The Diocese of Easton, which a decade ago was contemplating a merger with one of its neighboring dioceses (Maryland, Delaware, or Southern Virginia), now understands itself as a resurrected small diocese and an example of growth within the Episcopal Church.

This renewal is the direct result of Parousia, an initiative aimed at helping the diocese regain its vitality. The diocese’s convention approved ten discernment resolutions in 2015 under the guidance of Bishop Provisional Henry N. Parsley. The conventions of 2019 and 2020 affirmed a 32-page document, “Parousia: God Vision for God’s Church on the Eastern Shore of Maryland.”

“Parousia is based on needs identified by the diocese before, during, and after Bishop Marray’s installation as our 11th bishop,” said the Rev. Charlotte Meyer, a deacon and chair of the Diocesan Fund for Church Initiatives. “This document was written by Bishop Marray as an answer to the needs he encountered.”

The Rt. Rev. Santosh Marray became Bishop of Easton in 2016.

John C. Dragone, lay canon to the ordinary, calls the initiative “a blueprint on how to face short- and long-term challenges in the diocese.”

The diocese celebrated Parousia’s success during its convention on March 7-9. “I wish to inform convention that without a doubt both the ten resolutions and Parousia have fulfilled what they were designed to do, which was to give new impetus, renewed hope, energy, revitalization, and resurrection to a historic story,” Marray said in his address.

The first Iona Collaborative students gather in 2020, the second year of their studies. | Diocese of Easton

Parousia is financially sustainable partially because of the sale of St. Stephen’s Church in East New Market, which helped create the Fund for Church Initiatives. The fund is open to all the parishes of the diocese, helping to lift financial pressure and to allow congregations to live by the incarnational aspects of ministry.

Easton’s clergy shortage is now a surplus, thanks in part to partnering with Seminary of the Southwest’s Iona Collaborative. Marray said in his address that he will have ordained 19 people from 2020 to the end of 2024. The diocese also established a Bishop’s Institute for ministry training and formation. Since its launch in 2019, the institute has trained 200 lay leaders.

Mark Hansen, lower right, and Latino lay leaders pause from their training. | Mark Hansen

The diocese has bolstered its work in Latino ministry. Dr. Mark Hansen, lay pastor of St. Clement’s and diocesan missioner for Latino Ministry, and the Rev. Dr. Thomas G. Sinnott have been instrumental in this imperative. Hansen said that his “current diocesan employment is a direct consequence of the Parousia initiative,” and he is pleased by the work being done around Easton, including the training of Latino lay leadership and bilingual ministries at St. Clement’s in Massey. The diocese complemented this home-grown training by sponsoring participants’ attendance at a biennial conference at Kanuga this June, according to Hansen.

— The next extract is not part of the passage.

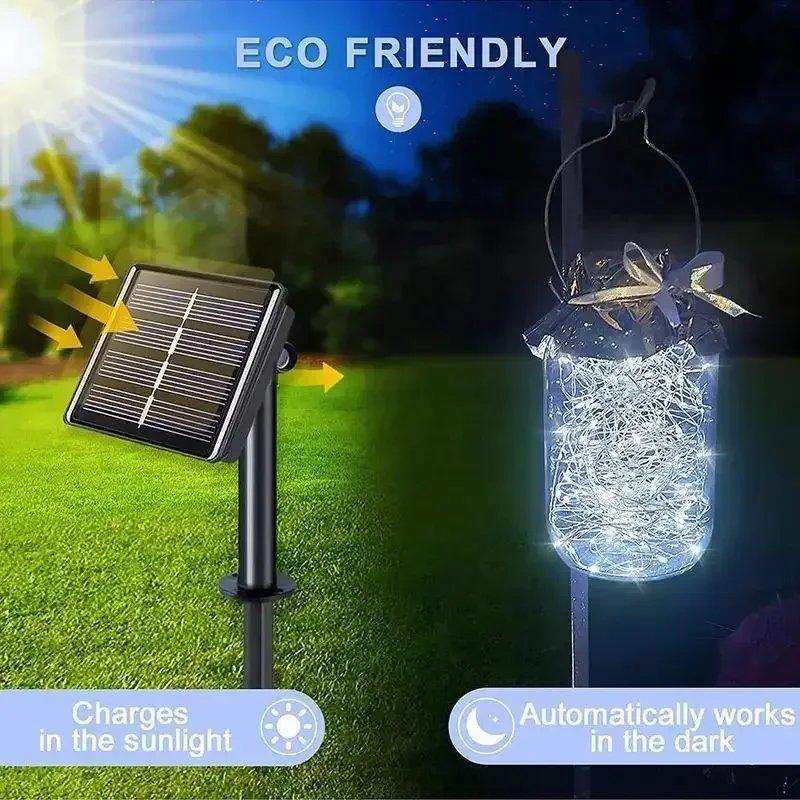 1/2/4 Pcs Solar LED String Light Fairy Copper Wire Lamp 30M/300LEDs Garden Waterproof Lights 8 Modes For Outdoor Holiday Decor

An angel prepares for the bilingual Christmas pageant at St. Clement’s Church. | Mark Hansen

Convention included an account by Sinnott about a mission congregation, originally started in 1997 as a “joint outreach effort of Shrewsbury Parish Church, Kennedyville, and St. Andrew’s Episcopal Church in Sudlersville.” After years of development work, with Sinnott in the lead as vicar since 2004, La Sagrada Familia de Jesús “was formally accepted into the diocese at annual convention in Cambridge, Maryland, on March 3, 2019.” Sinnott envisions continued growth and challenges, noting that plans are being made for the next priest, one who’s “younger and mission-minded” to take over when he retires.

John Dragone believes that Parousia succeeded because goals that seemed difficult were “accessible if we put the work into meeting the challenges. The response by parishes and individuals across the diocese in stepping up to work through the challenges and share lessons learned throughout the process was inspiring.”

The Rev. Darcy Williams, priest in charge of Augustine Parish in Chesapeake City, one of the Parousia team leaders, says the diocese has become “a smaller but more responsive church,” and that “small parishes that seemed to be on the verge of closing have found new life, energy, and stability.”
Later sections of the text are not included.